*THE TASK*:
Take the lines from the one with "Unit 4 Imperfect Competition" to the end of the listing, both ends included, and quote them exactly, leaving pictures out.

*TASK INPUTS*:
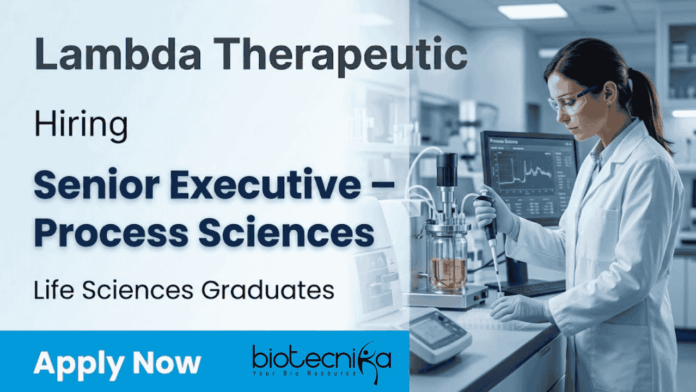 Biotechnology jobs at Lambda Therapeutic Research Senior Executive Process Sciences Lambda careers Life science jobs Biotechnology jobs at Lambda Therapeutic Research Senior Executive Process Sciences Lambda careers Life science jobs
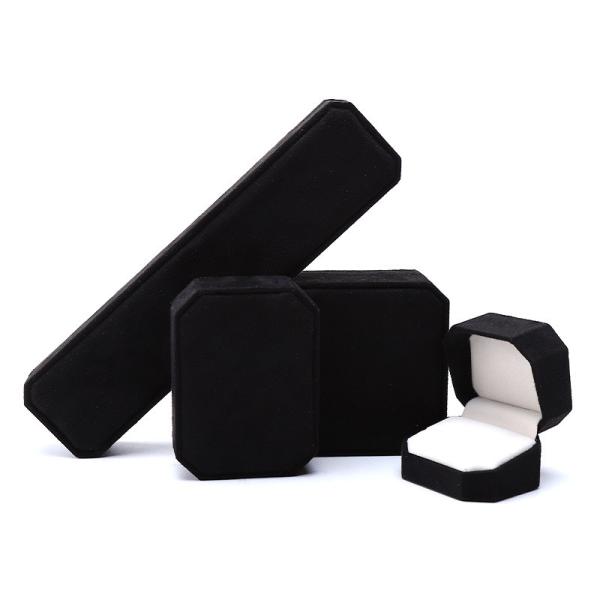 elegant handmade black Octagonal Velvet Jewelry Box for Necklace Earrings Bracelet Ring packaging
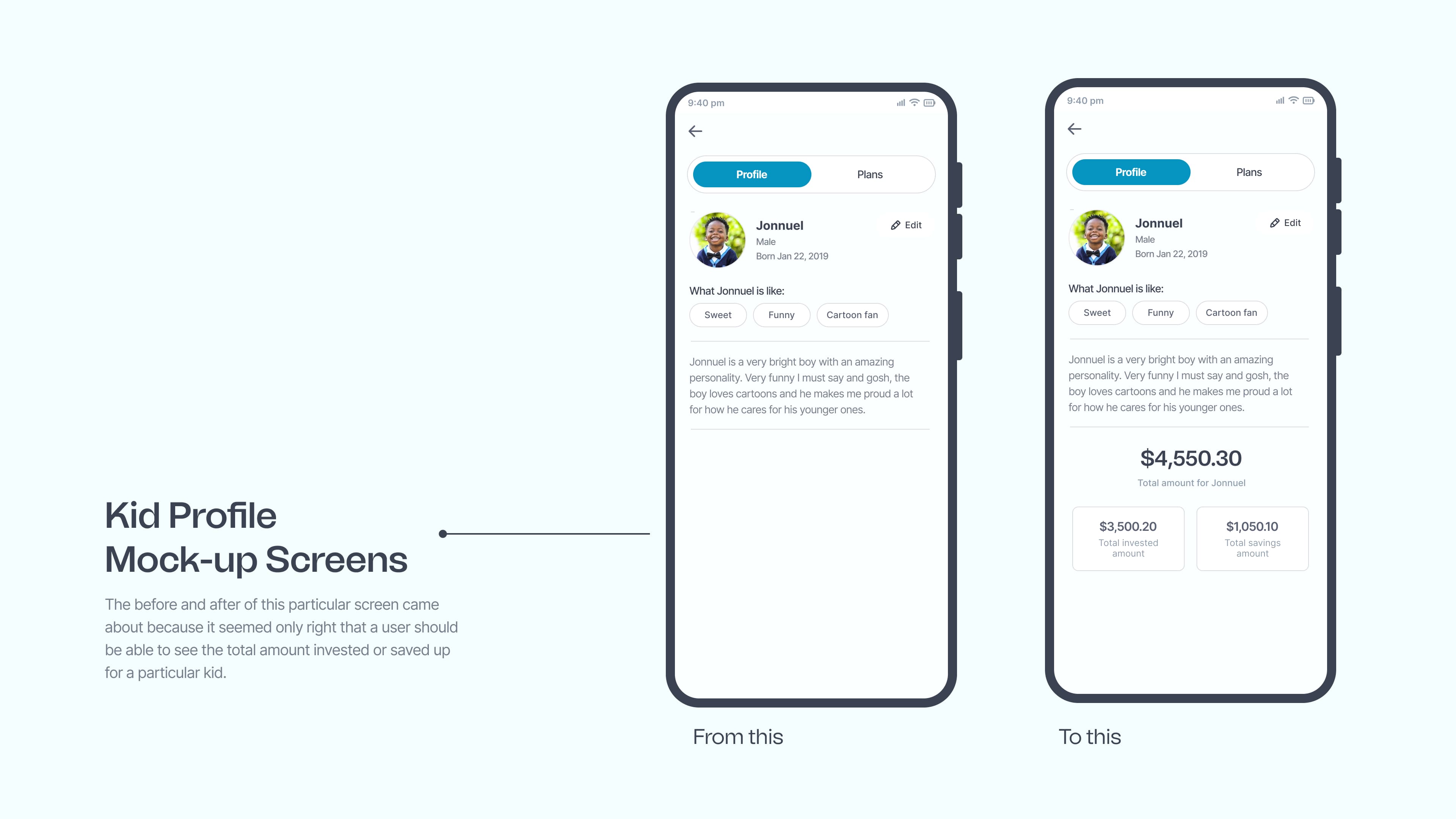 Kid profile mockups (before/after)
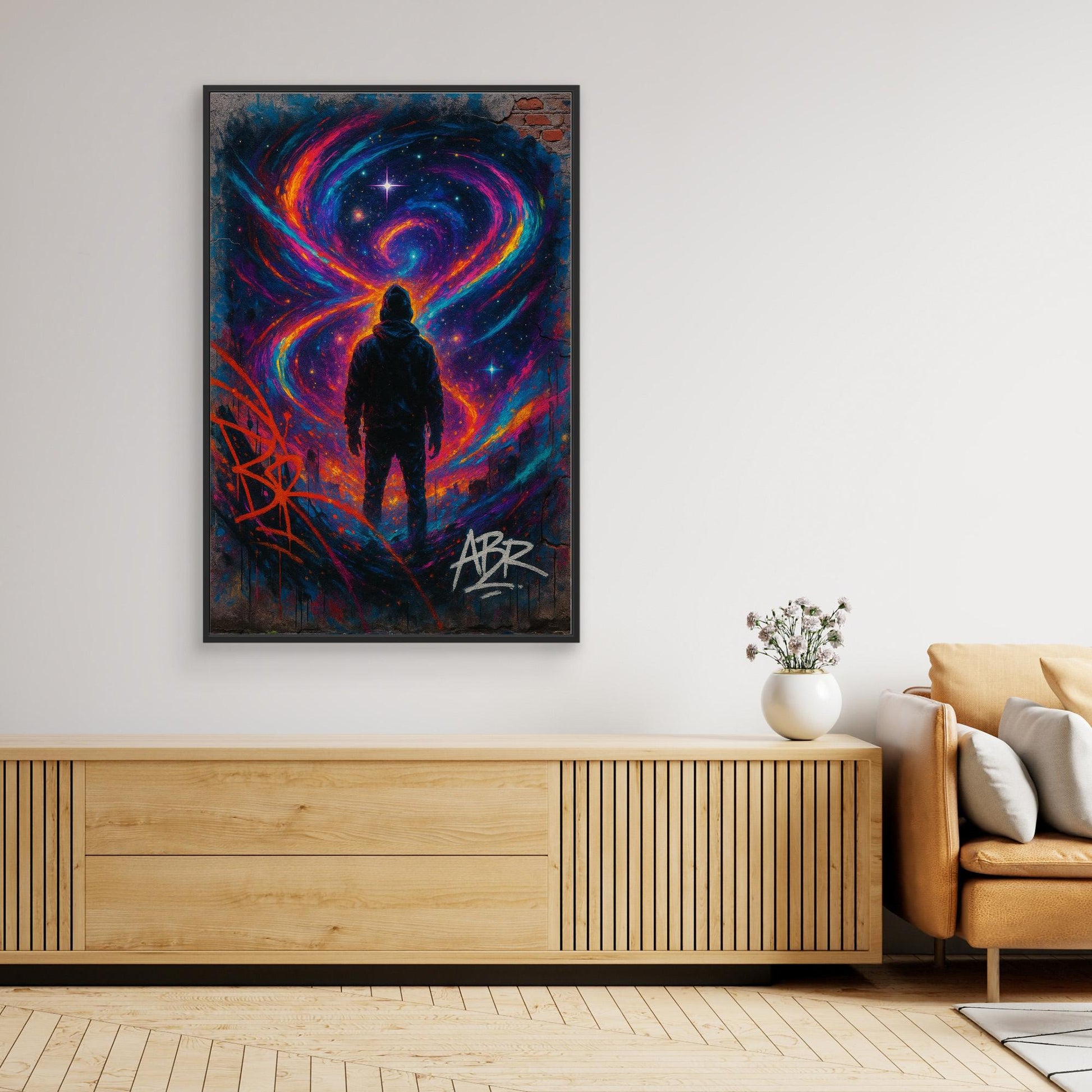 Galaxy Silhouette Canvas Wall Art – Urban Psychedelic Style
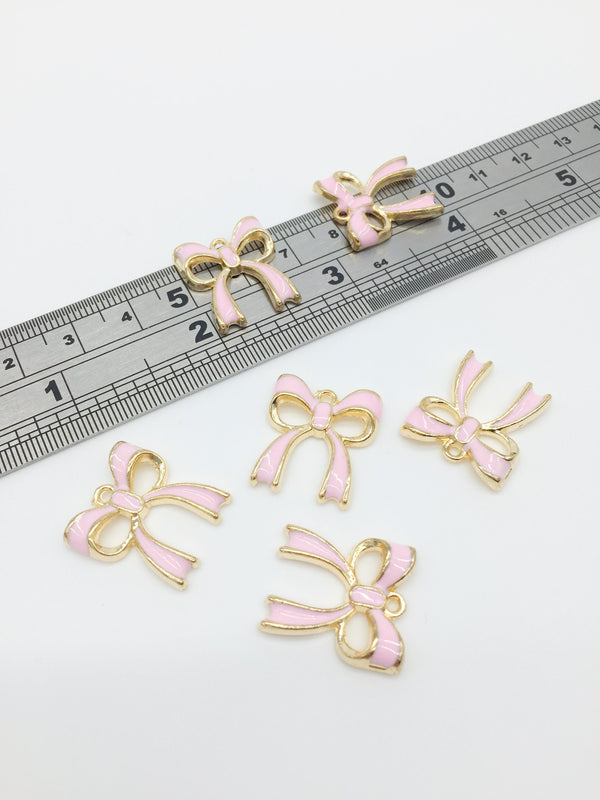 4 x Pink Bowknot Enamelled Gold Charms, 20x17.5mm  (3057)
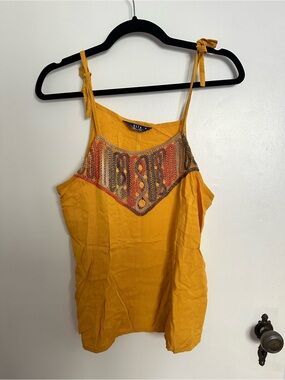 Mustard Yellow Embroidered Tie-Strap Tank Top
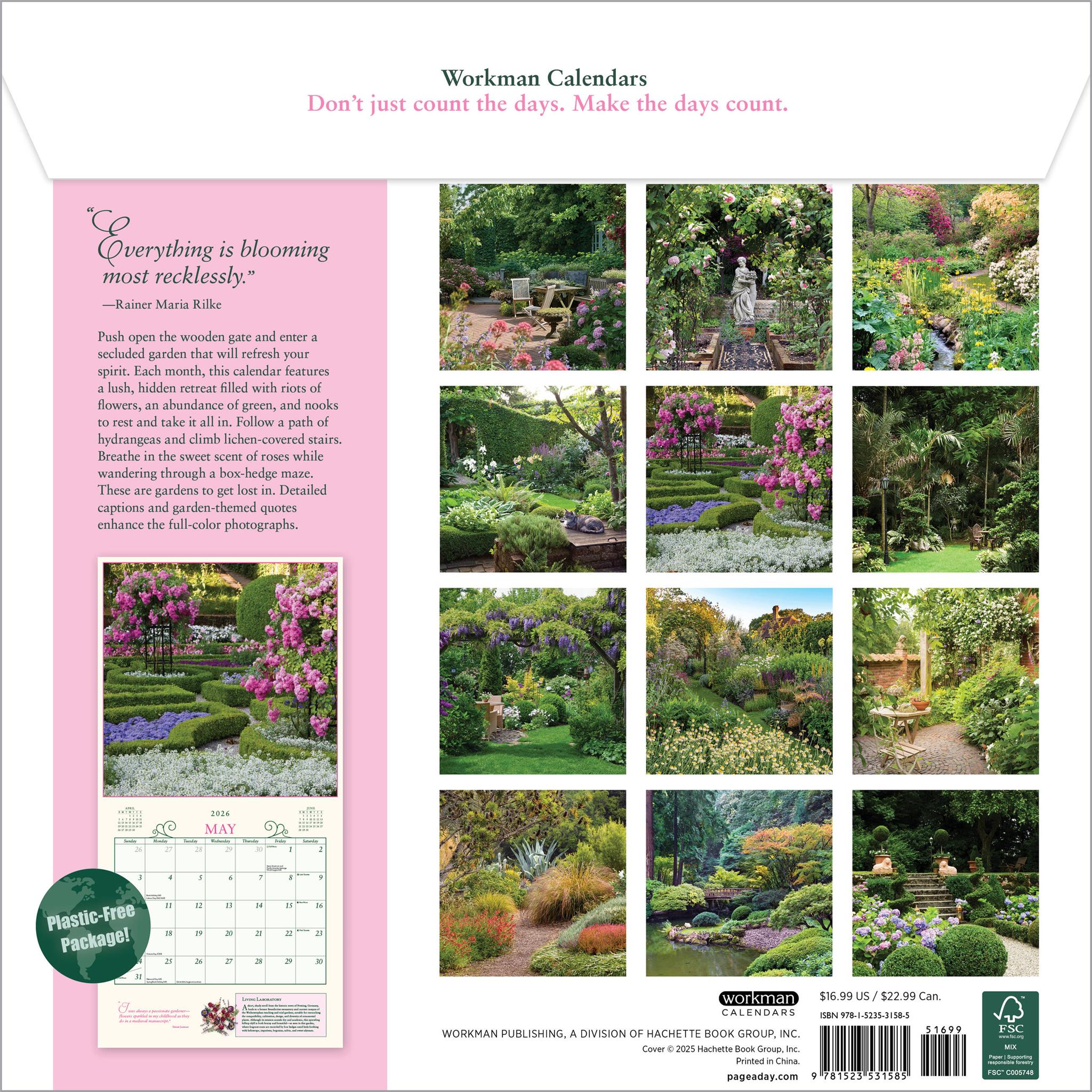 Secret Garden 2026 Wall Calendar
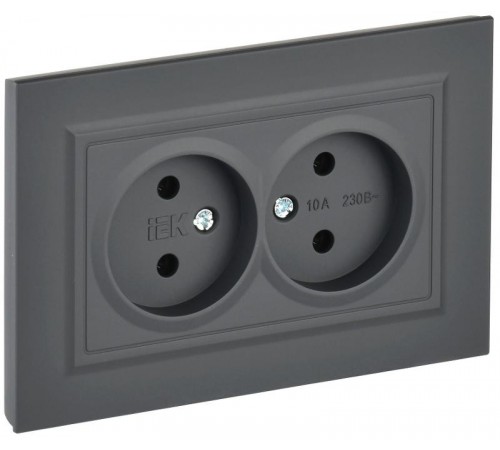 BRITE Розетка 2-ая без заземления без шторок10А в сборе РС12-2-БрГ графит  BR-R20-10-K53-F  IEK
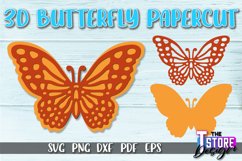 3D Butterfly Paper Cut SVG | Butterfly Paper Cut SVG Design Product Image 1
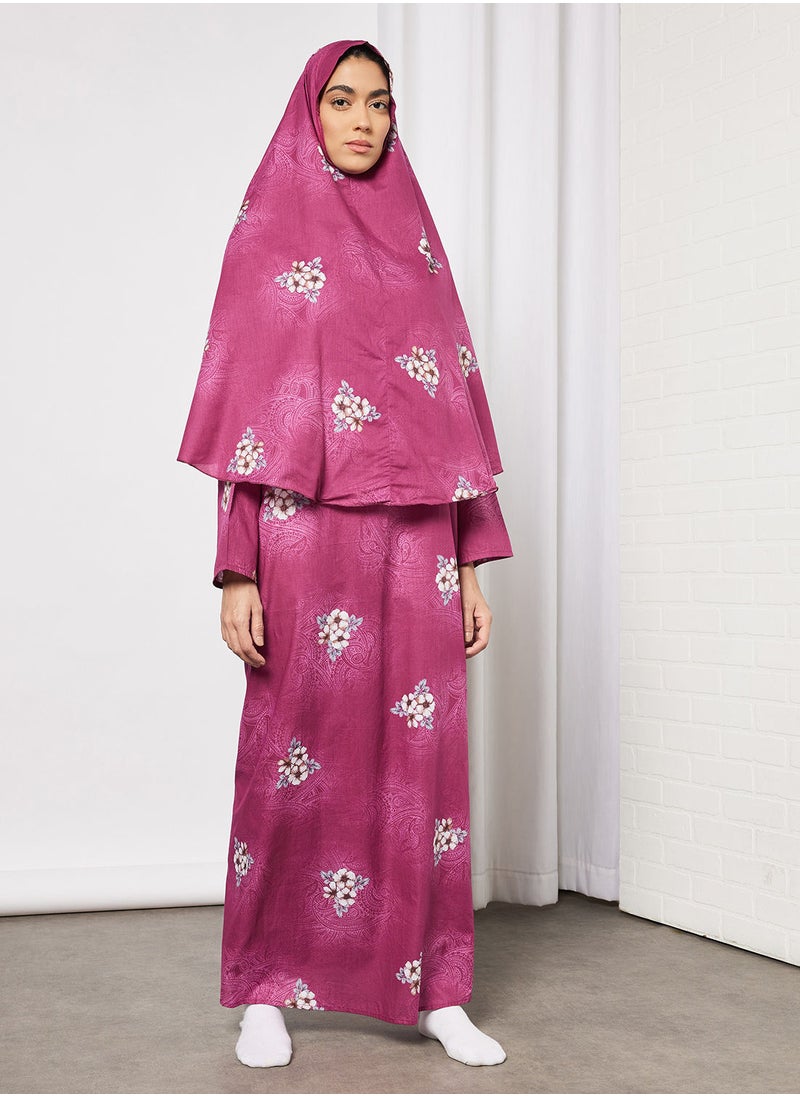 Hayat - Praying Dress With Floral Prints And Veil - Image 1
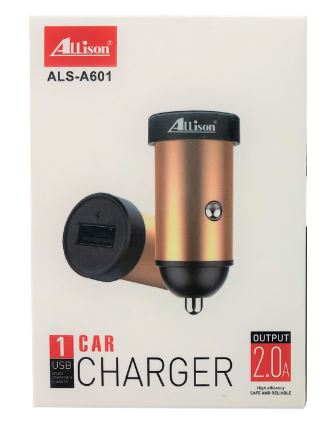 Allison A601 Portable Car Charger with Single USB Port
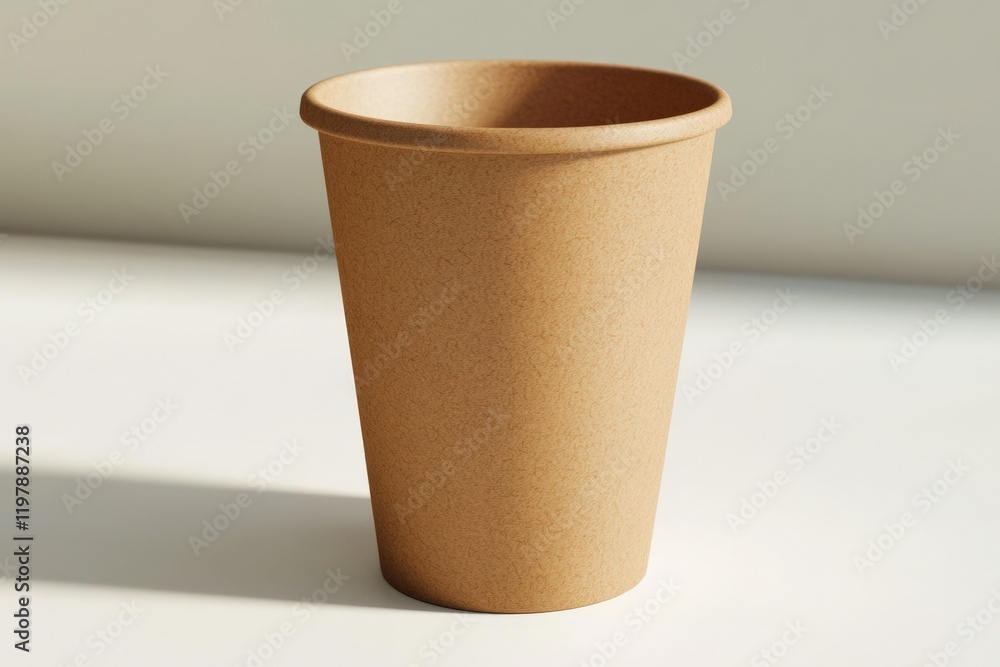 Classic brown paper cup displayed against a white surface. Classic brown paper cup displayed against a white surface.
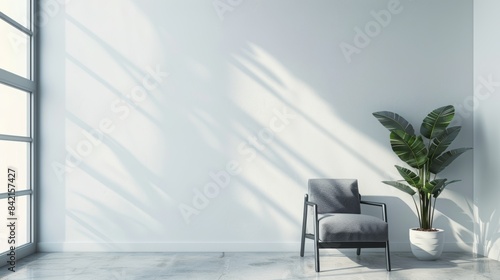 The minimalist interior features an armchair on a background of white walls with a white color.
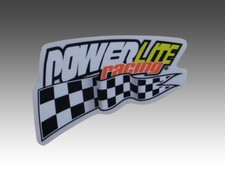RARE ORIGINAL OLD SCHOOL POWERLITE RACING BMX BICYCLE FLAG STICKER, 3.5 X 2.25"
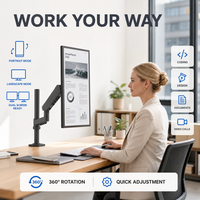 Bras de moniteur à mouvement complet, ressort mécanique simple, réglable en hauteur, fixation par pince de bureau pour écran LED/LCD de 17 à 32 pouces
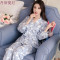 和服睡衣女春秋季花朵长袖纯棉两件套装韩版清新学生大码冬家居服_7 M FZ#662#合欢草（送眼罩）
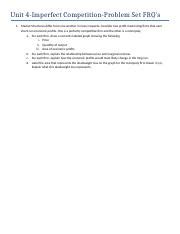 Unit 4 Imperfect Competition Problem Set FRQs Docx Unit 4 Imperfect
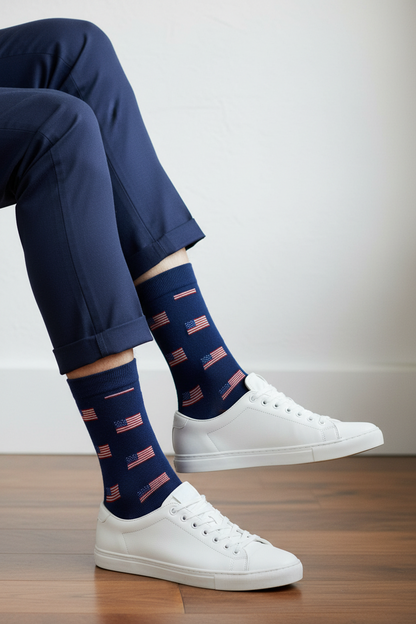 Men’s Stars & Stripes Socks with American flag patterns. Available in sizes M, L, and XL.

*REPLY TO THE EXERCISE*:
 Unit 4 Imperfect Competition Problem Set FRQs Docx Unit 4 Imperfect
 Men’s Stars & Stripes Socks with American flag patterns. Available in sizes M, L, and XL.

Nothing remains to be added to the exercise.